Every morning at Love Uganda Foundation (LUF), fifteen-year old Morgan is greeted by caretakers he calls “Papa” and “Mummy.” Then he gets ready for the day, eating breakfast prepared by his elder sisters at the orphanage, dressing in his school uniform and heading to school. During the holidays, he does chores and plays with his friends - drawing, reading and writing. When Morgan has time, he practices songs and games that the orphans sing and play for visitors at LUF. At night, after watching a movie on Papa’s laptop, Morgan heads to bed.

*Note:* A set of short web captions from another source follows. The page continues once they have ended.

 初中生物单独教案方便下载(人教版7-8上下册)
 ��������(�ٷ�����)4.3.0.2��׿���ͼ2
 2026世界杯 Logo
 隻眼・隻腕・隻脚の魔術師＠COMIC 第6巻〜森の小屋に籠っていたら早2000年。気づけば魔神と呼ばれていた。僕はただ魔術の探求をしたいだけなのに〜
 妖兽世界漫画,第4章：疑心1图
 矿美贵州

This is a typical day for an orphan at LUF. LUF provides support to 219 orphans and other vulnerable children in regions of Uganda through their orphanage home and external programs. Their programs help sponsor and provide support to vulnerable children through resources including education, food and clothes. The organization is focused on the overall health and well-being of their orphans: physical, mental, financial, and spiritual; they provide health care and sanitation programs, peer to peer mental health, and business mentoring and vocational training.
LUF was founded by the late Emmanuel McMillan Kitumba because he was inspired to help sponsor orphans while he was in college. In 2008, Kitumba “do to others what has been done unto you,” inspired by the words of his mentor Andrew McMillan. Kitumba established LUF in 2012 as a community-based organization, before creating a larger national center in 2014. Kitumba’s organization quickly grew from ten orphans to thirty orphans due to the high demand for support of vulnerable youth around the country.

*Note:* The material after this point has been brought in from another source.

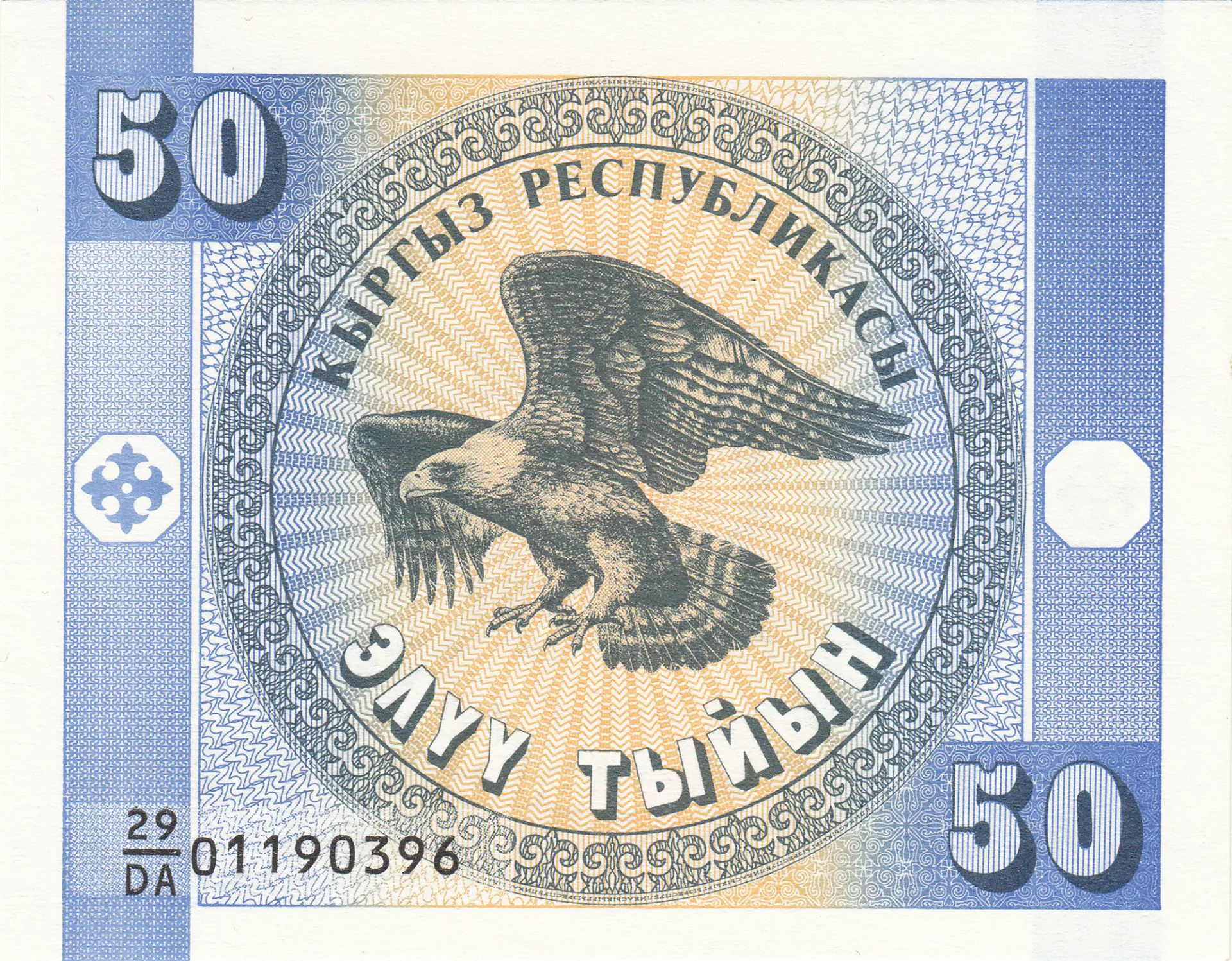 Снимка 2 от 3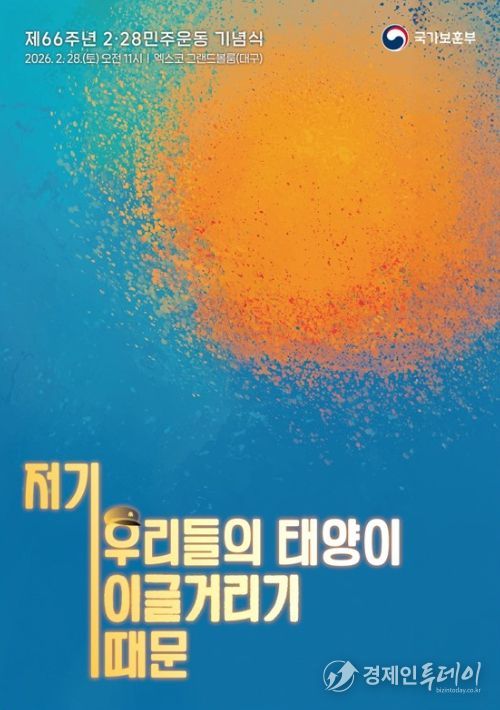 제66주년 2⋅28민주운동 기념식 주제슬로건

“To help the vulnerable Ugandan children and their communities, we carry out interdependency methods, that enable them work [sic] for themselves while being sponsored in their work, for example small scale businesses like farming, weaving and others,” Team Leader Robert Paul Kyeyune said in a written interview with Paper Bridges. “Social work teams bridge the gap between the vulnerable and their necessities, they talk about their mental health through group sessions where they talk about problems they have and how they could solve them.”
LUF’s programs work to change lives and empower the next generation of orphans and other vulnerable communities in Uganda to be independent even after leaving the organization. In addition to supporting the children themselves, LUF works to empower the family members and guardians that still remain an active part of the children’s lives.
“Most of the Orphans we have both in the Orphanage and our external program have lost their fathers and they have other siblings living with poor and vulnerable widows, [and] since we cannot look after every Orphan in a vulnerable family, we introduced up [sic] a program called Women Empowerment,” Kyeyune said. “We provide vocational trainings, business mentoring and capacity building to these widows and Elderly people under this program/work, so that they can sustain themselves and the children that we are unable to support.”
On April 22, 2016, Kitumba tragically died in a building collapse that contained LUF offices. Along with its founder, LUF lost its legal papers, and unknown people claimed the home that Kitumba had created. The orphans were left with no home; some children were taken back to their relatives while others were taken by other orphanages.
In July 2016, Kitumba’s older brother Kyeyune reestablished LUF with the help of his other brother Kyoyita Israel. After retrieving the legal documents that they had lost, the brothers began door-to-door charity outreaches. Kyeyune was determined to revive LUF in honor of his late brother and to support communities in need. “I am motivated to work for LUF because I love to develop and change someone’s life from scratch to success and I also love to make my late young brother’s vision successful,” Kyeyune said.